32nd Conference on Broadcast Meteorology/31st Conference on Radar Meteorology/Fifth Conference on Coastal Atmospheric and Oceanic Prediction and Processes

Thursday, 7 August 2003: 3:50 PM
National Data Buoy Center: A Portal for Marine Mesonet Data
David B. Gilhousen, NOAA/NDBC, Stennis Space Center, MS
Poster PDF (193.0 kB)
About a dozen universities are collecting environmental data from buoys and fixed stations near the U.S. coast and posting them on various web sites. However, in order to appear on meteorological workstations and be assimilated into numerical prediction models, the measurements must be coded into a World Meteorological Organization (WMO) code form and transmitted to or collected by the National Weather Service (NWS). This encoding and transmission has not occurred because many research agencies lack either the knowledge of thr proper formatting or the time to develop the encoding software.

In order to solve this problem, the National Data Buoy Center (NDBC )developed C language software that could be used to place reports in two WMO real-time codes and distributed them to many of these universities. NDBC is now serving as a collection point where universities send observations via FTP for quality control and distribution on the various meteorological circuits. Observations are posted on NDBC’s popular web site which receives over seven million hits a month and links to the proper university are installed for each station. Local NWS offices often have the observations read on NOAA Weather Radio and distribution is made to private meteorological firms, such as the Weather Channel.

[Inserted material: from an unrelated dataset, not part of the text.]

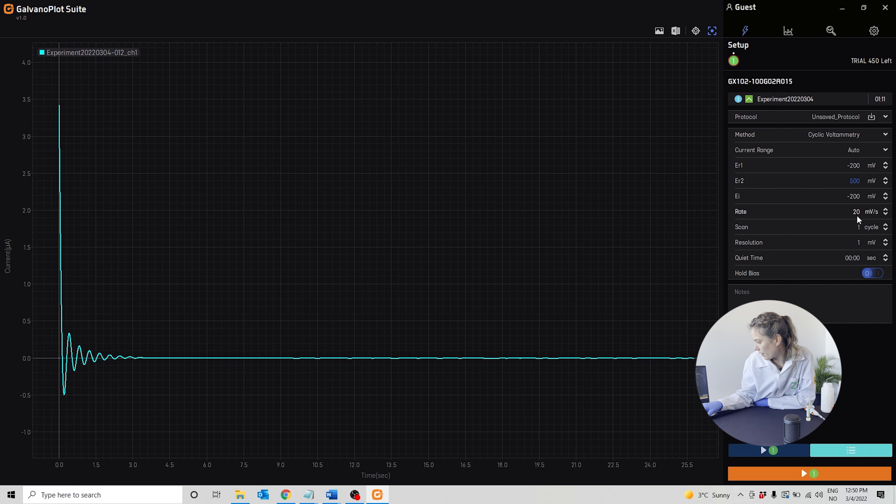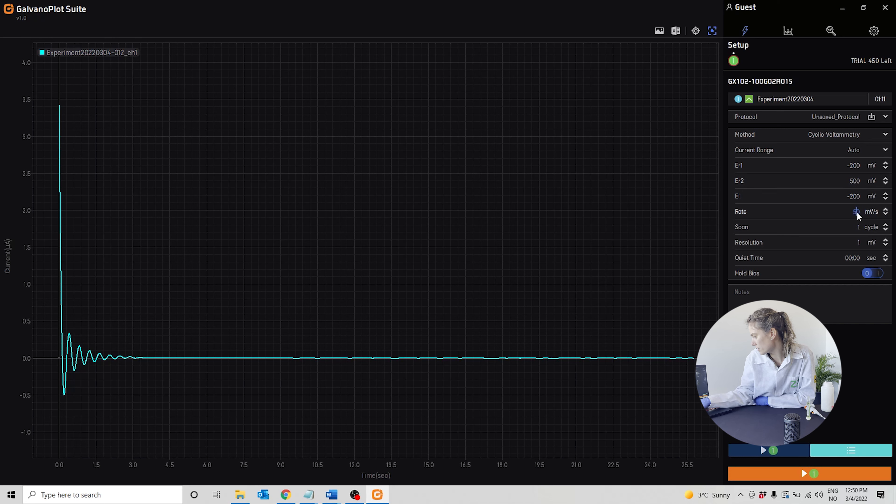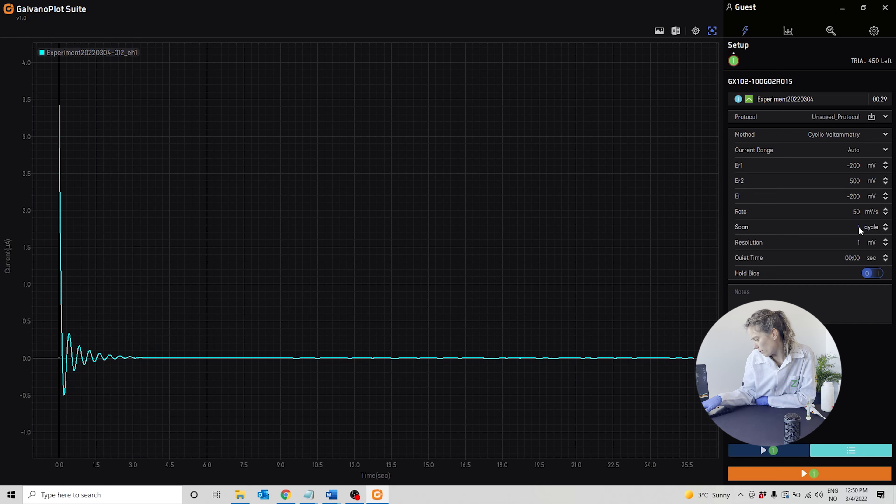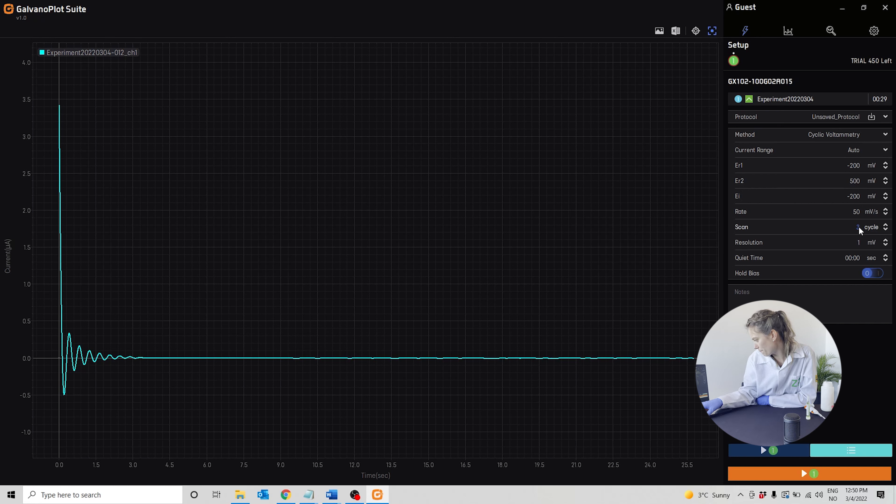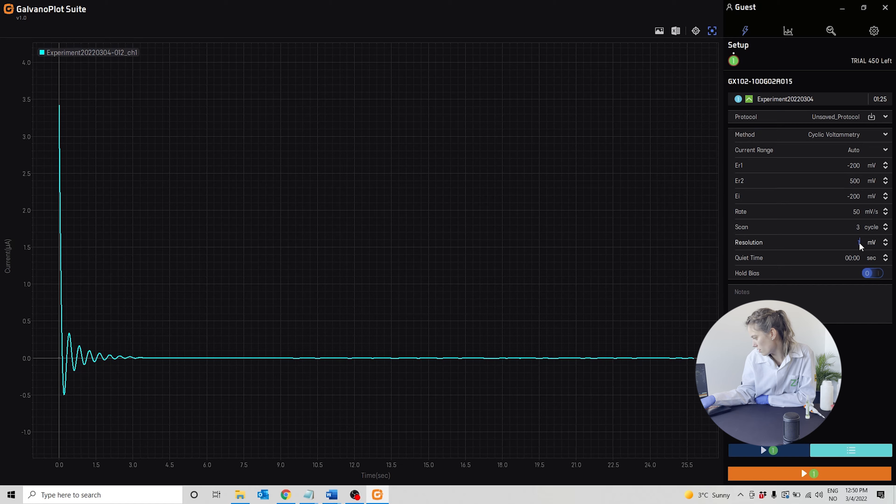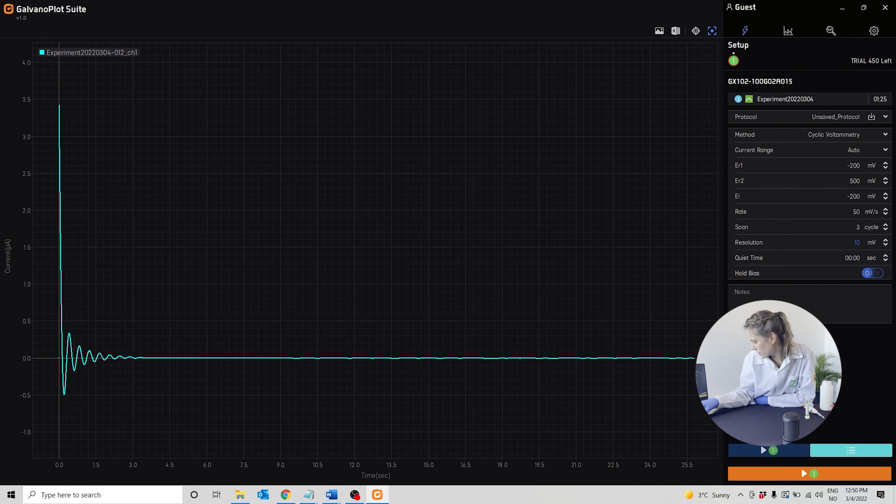The scan rate we will use is 50 millivolts per second. We will run three cycles, and the resolution will be 10 millivolts.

Among the critical users of the real-time coded data are the NWS Tropical Prediction Center (a.k.a. the National Hurricane Center) and the Federal Emergency Management Agency.

As of March 2003, observations from 15 buoys and 7 coastal stations operated by four different universities are sending observations to NDBC. These universities are gaining enhanced public visibility and the NWS is gaining valuable observations. Specific examples of how NDBC helped detect degraded observations from these stations will be shown and additional details will be provided to possible future collaborators.